Estonia is a tiny country in Northern Europe. Due to its quiet and pacific nature, the Baltic region doesn’t often get too much attention. However, Estonia is by far the most advanced digital society on the planet. The numbers speak for themselves: Taxes are completed online in under 5 minutes, 99 percent of Estonia’s public services are available online 24 hours a day and nearly one-third of citizens vote via the internet.

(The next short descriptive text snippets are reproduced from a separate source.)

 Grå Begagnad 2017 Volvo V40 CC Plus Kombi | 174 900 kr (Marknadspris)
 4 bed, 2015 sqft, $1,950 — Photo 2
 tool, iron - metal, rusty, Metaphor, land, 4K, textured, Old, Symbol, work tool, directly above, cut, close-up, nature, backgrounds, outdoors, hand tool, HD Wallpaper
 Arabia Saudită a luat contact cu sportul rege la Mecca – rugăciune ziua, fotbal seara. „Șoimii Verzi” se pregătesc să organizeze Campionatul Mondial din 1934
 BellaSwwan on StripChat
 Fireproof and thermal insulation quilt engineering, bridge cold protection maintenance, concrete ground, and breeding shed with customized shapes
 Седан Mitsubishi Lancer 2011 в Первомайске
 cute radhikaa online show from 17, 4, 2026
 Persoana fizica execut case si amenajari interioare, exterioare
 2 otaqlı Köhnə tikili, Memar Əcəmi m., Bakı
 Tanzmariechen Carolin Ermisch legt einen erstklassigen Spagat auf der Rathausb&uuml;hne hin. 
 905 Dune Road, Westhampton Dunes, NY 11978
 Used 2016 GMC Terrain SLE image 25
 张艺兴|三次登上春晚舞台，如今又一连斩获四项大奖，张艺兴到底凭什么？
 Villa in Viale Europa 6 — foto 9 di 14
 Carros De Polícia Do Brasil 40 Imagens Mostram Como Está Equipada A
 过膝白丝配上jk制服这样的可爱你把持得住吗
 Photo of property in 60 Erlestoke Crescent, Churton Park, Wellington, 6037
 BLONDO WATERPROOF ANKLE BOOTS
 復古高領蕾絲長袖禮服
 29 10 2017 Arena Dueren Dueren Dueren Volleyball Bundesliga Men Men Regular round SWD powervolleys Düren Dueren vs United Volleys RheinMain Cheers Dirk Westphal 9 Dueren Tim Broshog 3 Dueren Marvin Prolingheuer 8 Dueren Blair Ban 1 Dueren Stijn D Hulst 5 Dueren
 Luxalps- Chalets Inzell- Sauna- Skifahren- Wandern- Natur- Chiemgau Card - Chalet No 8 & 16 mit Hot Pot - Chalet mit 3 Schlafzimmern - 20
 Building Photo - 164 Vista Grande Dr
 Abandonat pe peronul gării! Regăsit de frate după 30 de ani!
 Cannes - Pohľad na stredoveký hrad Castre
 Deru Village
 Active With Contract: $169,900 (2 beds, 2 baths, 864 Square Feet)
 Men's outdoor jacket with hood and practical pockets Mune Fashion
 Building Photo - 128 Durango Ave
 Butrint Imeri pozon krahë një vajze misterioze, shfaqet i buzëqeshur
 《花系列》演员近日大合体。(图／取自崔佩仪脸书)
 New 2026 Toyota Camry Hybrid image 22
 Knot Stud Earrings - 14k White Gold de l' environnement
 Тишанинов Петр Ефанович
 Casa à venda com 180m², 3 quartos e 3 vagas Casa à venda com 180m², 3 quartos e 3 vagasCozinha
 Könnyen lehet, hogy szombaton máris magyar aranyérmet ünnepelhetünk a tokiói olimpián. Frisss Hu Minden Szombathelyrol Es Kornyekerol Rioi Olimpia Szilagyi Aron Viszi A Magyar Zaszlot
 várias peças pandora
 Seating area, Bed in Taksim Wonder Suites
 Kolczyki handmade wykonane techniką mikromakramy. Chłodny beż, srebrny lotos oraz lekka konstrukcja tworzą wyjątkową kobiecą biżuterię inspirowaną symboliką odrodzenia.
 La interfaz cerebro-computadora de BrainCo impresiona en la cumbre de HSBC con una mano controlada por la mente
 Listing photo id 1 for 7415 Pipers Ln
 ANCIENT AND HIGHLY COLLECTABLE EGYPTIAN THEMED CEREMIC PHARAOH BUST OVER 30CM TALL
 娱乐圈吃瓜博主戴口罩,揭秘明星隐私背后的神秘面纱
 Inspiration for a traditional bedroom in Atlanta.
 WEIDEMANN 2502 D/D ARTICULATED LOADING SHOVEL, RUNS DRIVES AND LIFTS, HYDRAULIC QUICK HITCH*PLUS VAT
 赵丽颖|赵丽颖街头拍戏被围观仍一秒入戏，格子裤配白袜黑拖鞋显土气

“We have a generation who has grown up knowing that you communicate digitally with your school because we have an e-school system, with your doctor because of e-health,” Estonia’s president Kersti Kaljulaid told CNBC in an interview in Tallinn in August, 2019. “You could say the Estonian government offers what normally only the private sector can offer to people.”
E-Residency Of Estonia
Estonia’s E-Residency can be deemed as the main key to Estonia’s digital society. This first-of-its-kind initiative allows individuals to start businesses in Estonia regardless of where they physically are. Beyond Estonia, this very initiative serves as a launching pad for companies looking to step into the European Union (EU) market.
This undoubtedly grants an unmatched advantage for “the outsiders”. Estonia E-Residency has received significant interest worldwide, with more than 50,000 applications have been filed and approved since its launch in 2014. Taavi Kotka, Estonia’s first-ever chief information officer summed it up nicely, “People who have global businesses, have a global lifestyle, they want to be served, and we want to be the best ones in that area”.
Estonia’s Digital Nomad Visa — The First Of Its Kind
Estonia is now building on its success with e-Residency to launch a visa for digital nomads; employees who work remotely around the world. The visa is an example of a public-private partnership at work between the Estonian government and Jobbatical, a cross-border hiring firm.
“What we are doing with the digital nomad visa, it really reflects what our whole immigration policy is about,” said Killu Vantsi, a legal migration adviser at the Estonian Ministry of the internal affairs. “We want to attract the talented people, entrepreneurs that are beneficial to our society to our economy.”
Karoli Hindriks, CEO of Jobbatical, said other countries should follow Estonia’s lead as they face aging populations and a lack of skilled workers. “The countries that are closing down and not thinking about it, I’m very curious to see where they will be in 10, 15 years,” she said.
Estonia — The Unicorn King
Efforts like e-Residency and the digital nomad visa, along with business-friendly tax rates, have helped encourage a start-up culture in the tiny Baltic nation. Skype, the video chatting service that was bought by Microsoft, was launched in Estonia in 2003.
Today, the government boasts it is home to more tech unicorns, private companies valued at more than $1 billion, per capita than any other small country in the world. Its recent unicorns include payments firm TransferWise and Uber competitor Taxify.
Other companies focusing on everything from blockchain to organic food are now vying to be the next Estonian success.
“The environment they set up right now is really friendly,” said Gregory Lu, co-founder of Natufia Labs, a start-up that created a machine to grow organic produce indoors. “I hope they keep it this way.”